Borislav Petkov Jan. 6, 2020, 4:23 p.m. UTC | #8
On Mon, Jan 06, 2020 at 11:20:14AM -0500, 'Aristeu Rozanski' wrote:
> OK, will resubmit this patch just removing the messages then.

I'm not saying you should blindly remove them. They might be useful for
debugging purposes so you should consider that usage angle first. In the
AMD case, the message was really useless.
Aristeu Rozanski Jan. 7, 2020, 3:51 p.m. UTC | #9
On Mon, Jan 06, 2020 at 05:23:06PM +0100, Borislav Petkov wrote:
> I'm not saying you should blindly remove them. They might be useful for
> debugging purposes so you should consider that usage angle first.
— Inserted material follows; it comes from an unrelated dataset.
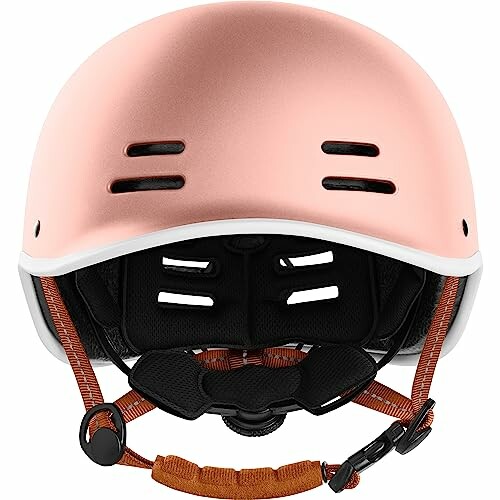 Front view of a pink ski helmet with chin straps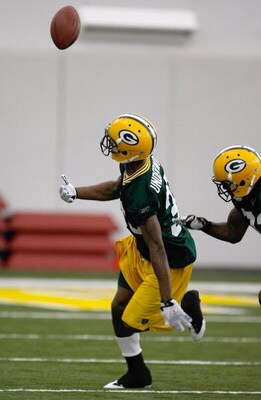 GREEN BAY, WI - MAY 1:  Defensive back Brandon Underwood #33 looks back to catch the football as he participates in practice drills during Green Bay Packers Minicamp at Don Hutson Center on May 1, 2009 in Green Bay, Wisconsin. (Photo by Scott Boehm/Getty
In the
> AMD case, the message was really useless.

Ah, I thought you had an objection to this patch :)
Do you mind considering it for inclusion?
Borislav Petkov Jan. 7, 2020, 4:45 p.m. UTC | #10
On Tue, Jan 07, 2020 at 10:51:09AM -0500, 'Aristeu Rozanski' wrote:
> On Mon, Jan 06, 2020 at 05:23:06PM +0100, Borislav Petkov wrote:
> > I'm not saying you should blindly remove them. They might be useful for
> > debugging purposes so you should consider that usage angle first. In the
> > AMD case, the message was really useless.
> 
> Ah, I thought you had an objection to this patch :)
> Do you mind considering it for inclusion?
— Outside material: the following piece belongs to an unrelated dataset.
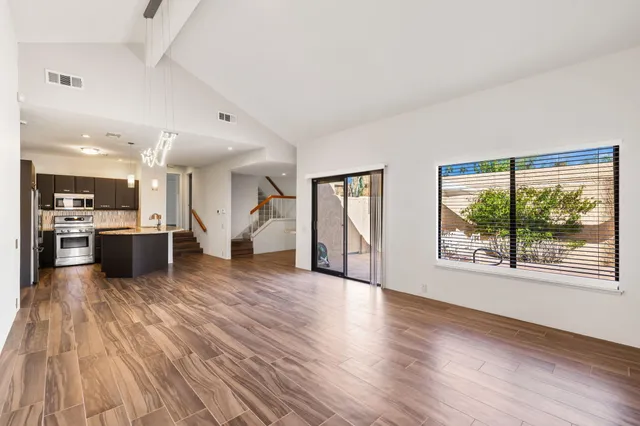 a view of a livingroom with wooden floor and a flat screen tv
That's Tony's call as he's maintaining the Intel side of EDAC.
Luck, Tony Jan. 7, 2020, 9:43 p.m. UTC | #11
On Tue, Jan 07, 2020 at 05:45:28PM +0100, Borislav Petkov wrote:
> On Tue, Jan 07, 2020 at 10:51:09AM -0500, 'Aristeu Rozanski' wrote:
> > On Mon, Jan 06, 2020 at 05:23:06PM +0100, Borislav Petkov wrote:
> > > I'm not saying you should blindly remove them. They might be useful for
> > > debugging purposes so you should consider that usage angle first. In the
> > > AMD case, the message was really useless.
> > 
> > Ah, I thought you had an objection to this patch :)
> > Do you mind considering it for inclusion?
> 
> That's Tony's call as he's maintaining the Intel side of EDAC.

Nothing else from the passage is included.